This is the third of three weeks of questions to stimulate your thought and awareness about ways in which you may be distracting yourself from greater self-understanding and knowing.
1. Do you have feelings about having feelings?
Do you start to feel sad and then get angry that you are sad? Or do you feel angry, but consider anger unacceptable, and then you feel disappointed that you’re angry?
Or feel embarrassed that you’re disappointed? Having feelings about having feelings acts as a distracter from your initial reaction and most authentic feeling experience.
It acts as a second layer covering your real feelings, and that second layer creates more emotional distress and emotional problems.
There are countless variations on this theme. Does this ever ring true for you?
2. Do you engage in a lot of negative self-evaluation, negative self-talk, or harsh self-criticism, thereby turning your feelings into a mean or hateful judgment about yourself?
Many people are skilled at this form of distraction, whereby you change an unpleasant feeling into a thought or belief.
Common examples include turning a feeling of helplessness into beliefs that you are inadequate, undeserving, or worthless; or believing embarrassment is a reflection of your inherent failure.
Understand that unpleasant feelings such as disappointment or embarrassment are not reflections of your character.
How might you be converting feelings into self-destructive judgments?
3. Do you compare yourself with others?
Comparing yourself to others is a variation on harsh self-criticism. It dismisses your own experience because you are placing your focus on others instead.
The only positive reason to compare yourself to others is for aspirational purposes—in order to see yourself as able to accomplish what others have done.
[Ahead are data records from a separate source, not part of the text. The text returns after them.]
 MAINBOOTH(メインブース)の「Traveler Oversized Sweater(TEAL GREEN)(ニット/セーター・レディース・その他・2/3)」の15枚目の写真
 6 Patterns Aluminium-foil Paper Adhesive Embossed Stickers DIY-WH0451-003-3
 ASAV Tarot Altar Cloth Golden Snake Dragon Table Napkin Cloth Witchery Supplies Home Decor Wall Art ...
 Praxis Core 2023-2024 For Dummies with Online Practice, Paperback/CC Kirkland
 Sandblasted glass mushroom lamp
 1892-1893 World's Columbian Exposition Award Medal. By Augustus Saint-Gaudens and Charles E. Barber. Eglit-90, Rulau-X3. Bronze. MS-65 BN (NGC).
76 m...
Otherwise, it’s a way to distract from feeling vulnerable, disappointed, sad, or frustrated.
To whom are you currently comparing yourself? Do you do it for aspirational reasons or as a form of distraction?
4. Do you focus on one issue to distract or move away from your real concern or feelings?
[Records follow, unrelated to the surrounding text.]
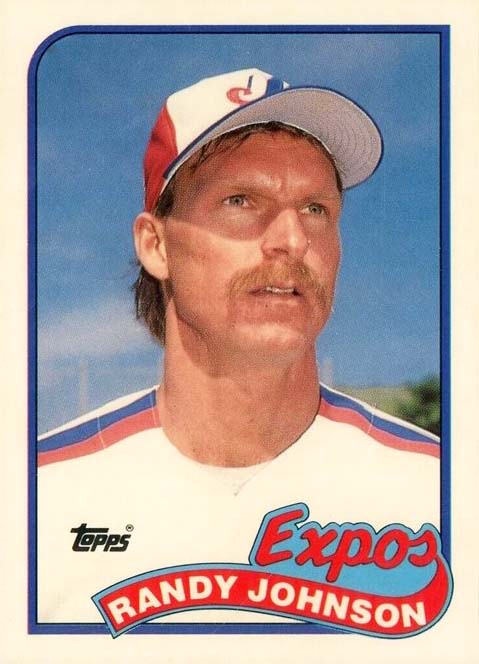 1989 Topps Randy Johnson #647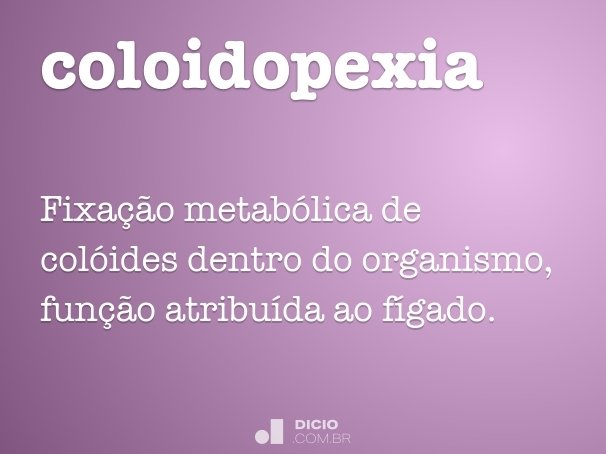 coloidopexia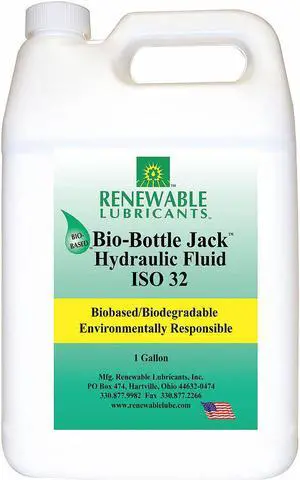 Vegetable Oil Hydraulic Oil, 1 gal. Jug, ISO Viscosity Grade : 32
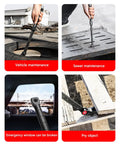 Top Shelf Extendable Pry Bar For Tire Removal And Rim Detailing Forged From Tough Cr V Steel With A Comfy Grip in vehicle maintenance.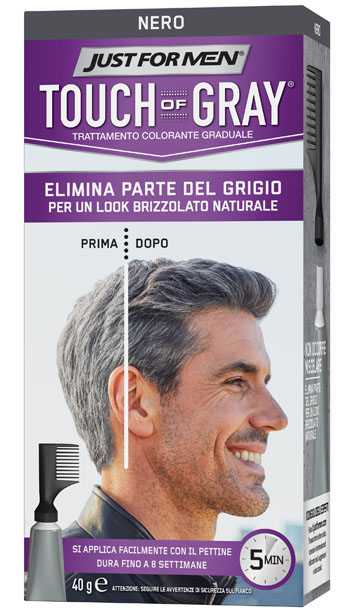 JUST FOR MEN TOUCH OF GRAY NERO 40 G - farmacialombardia.it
I often listen to women who consistently return to fears that their respective boyfriends will leave them for other women they find more interesting.
This concern often becomes a focus when, in truth, they feel vulnerable or are preoccupied with distressing feelings or other concerns that are actually unrelated to the fears they express.
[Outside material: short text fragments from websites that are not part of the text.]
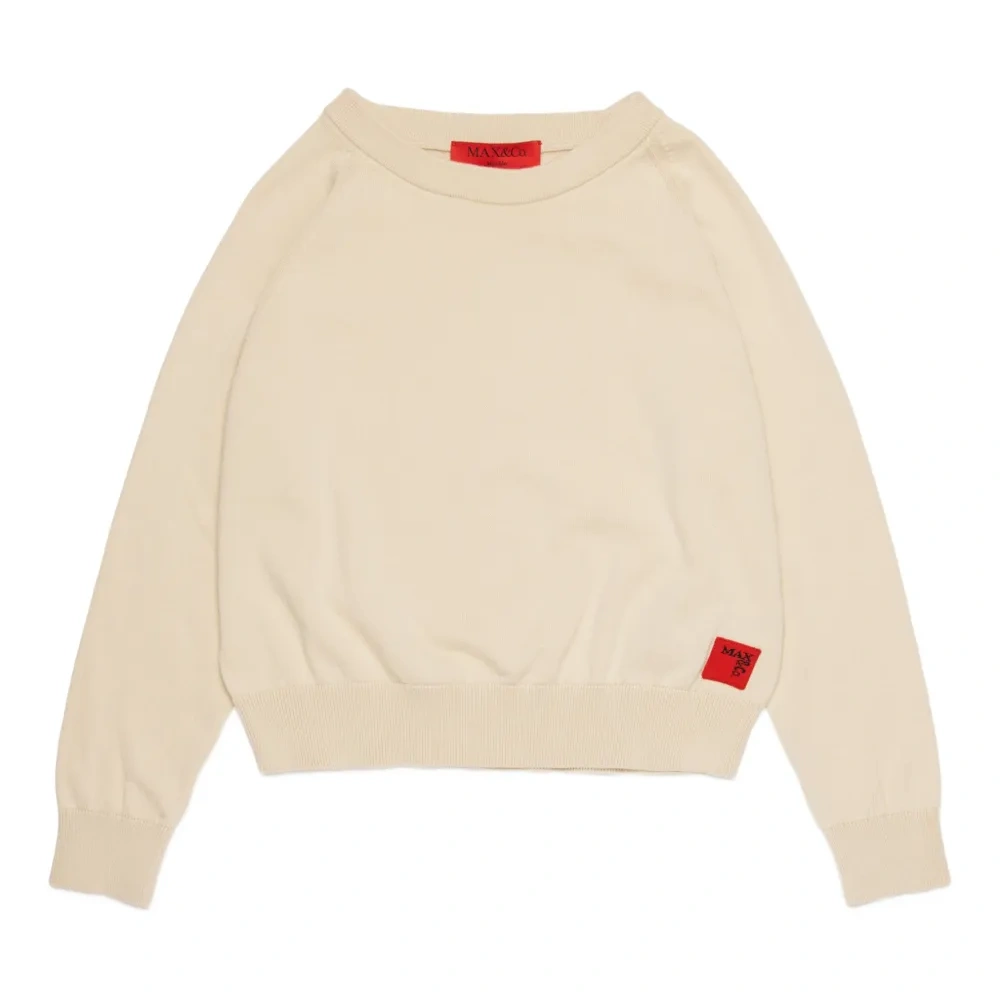 Свитер с круглым вырезом и логотипом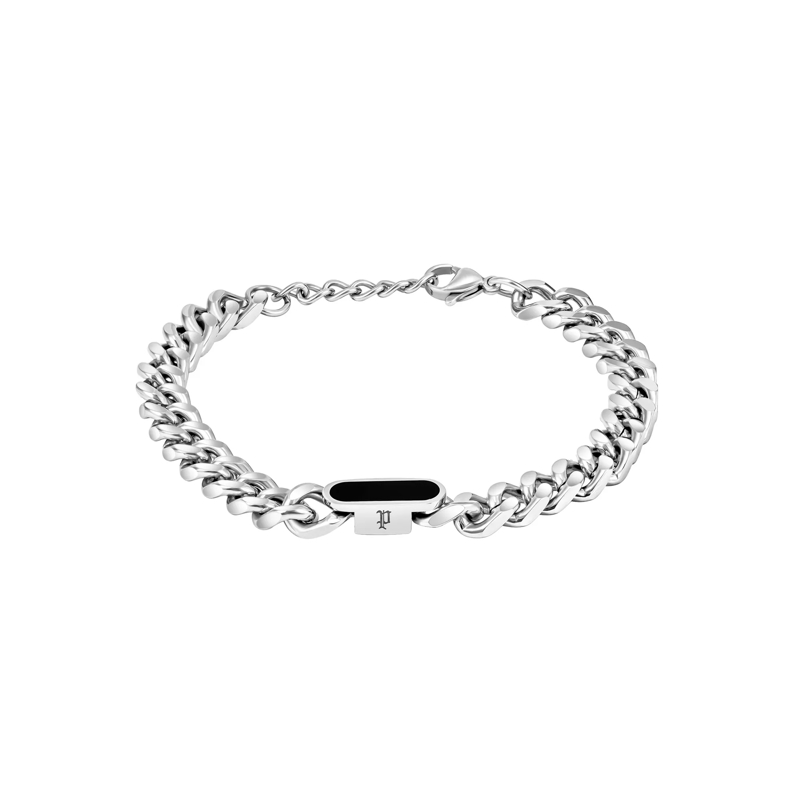 Police Armband Armband Vigor- Herrenarmband- Farbe: silber- G silber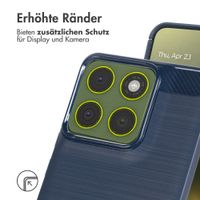 imoshion Brushed Back Cover Motorola Edge 70 - Dunkelblau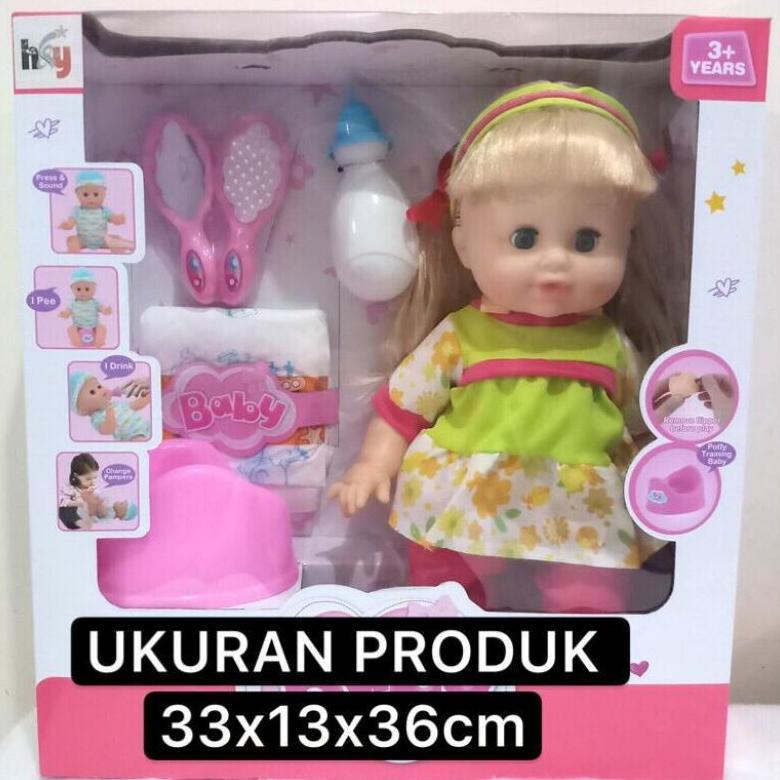 [KIW] Mainan Boneka Bayi Bisa Minum Pipis dan Bicara / Baby Doll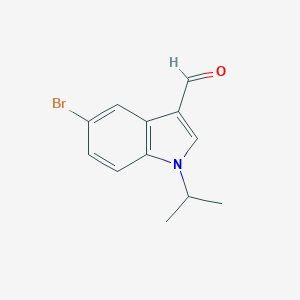 1H-Indole-3-carboxaldehyde, 5-bromo-1-(1-methylethyl)- 1H-Indole-3-carboxaldehyde, 5-bromo-1-(1-methylethyl)-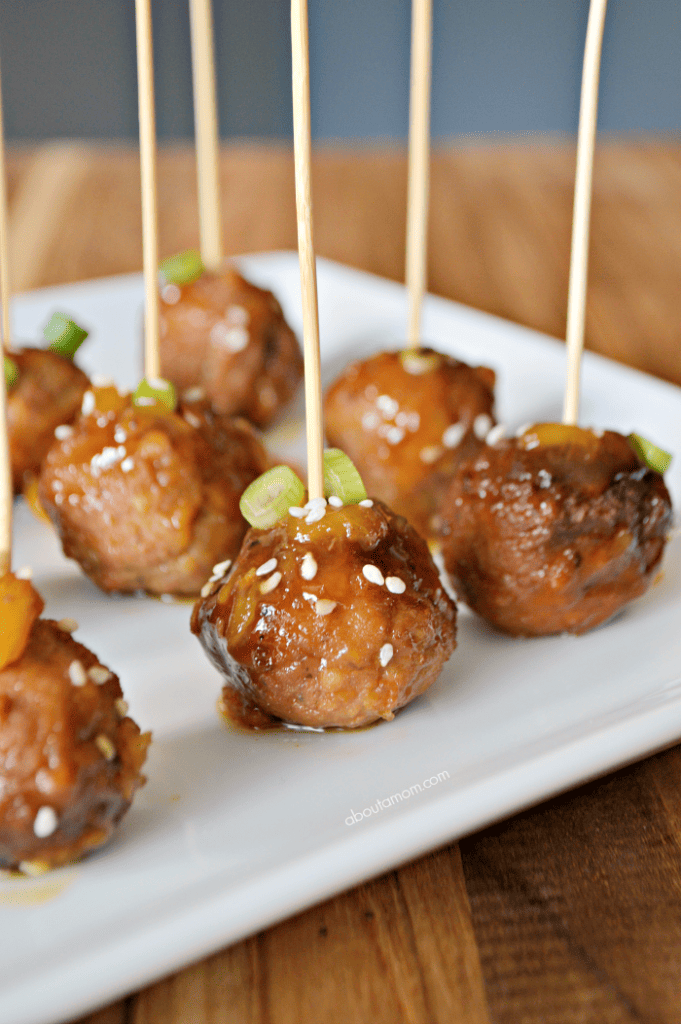 These simple-to-make slow cooker Pineapple Teriyaki Meatballs are incredibly delicious, and the perfect meatball appetizer for game day or anytime.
Is there a nagging fear that seems to creep up every time you find yourself facing unpleasant emotions – even if that fear is totally unrelated to your present experience?
5. Do you pay too much attention to irrelevant details in order to distract from feeling?
Rather than focus on one particular issue, you might do the opposite and get caught up in paying excessive attention to unimportant details in any given situation as a way to distract from what is really important in your life.
This kind of over-focus on details can be paralyzing because it allows you to analyze but never actually act.
Is this a distraction trap that you fall into at times?
This week’s question:
Before you put your pen and paper away, I want you to write down three distractions you have been struggling with the most.
Then at the end of the week, write down next to them what exercises you have used to best help with those distractions.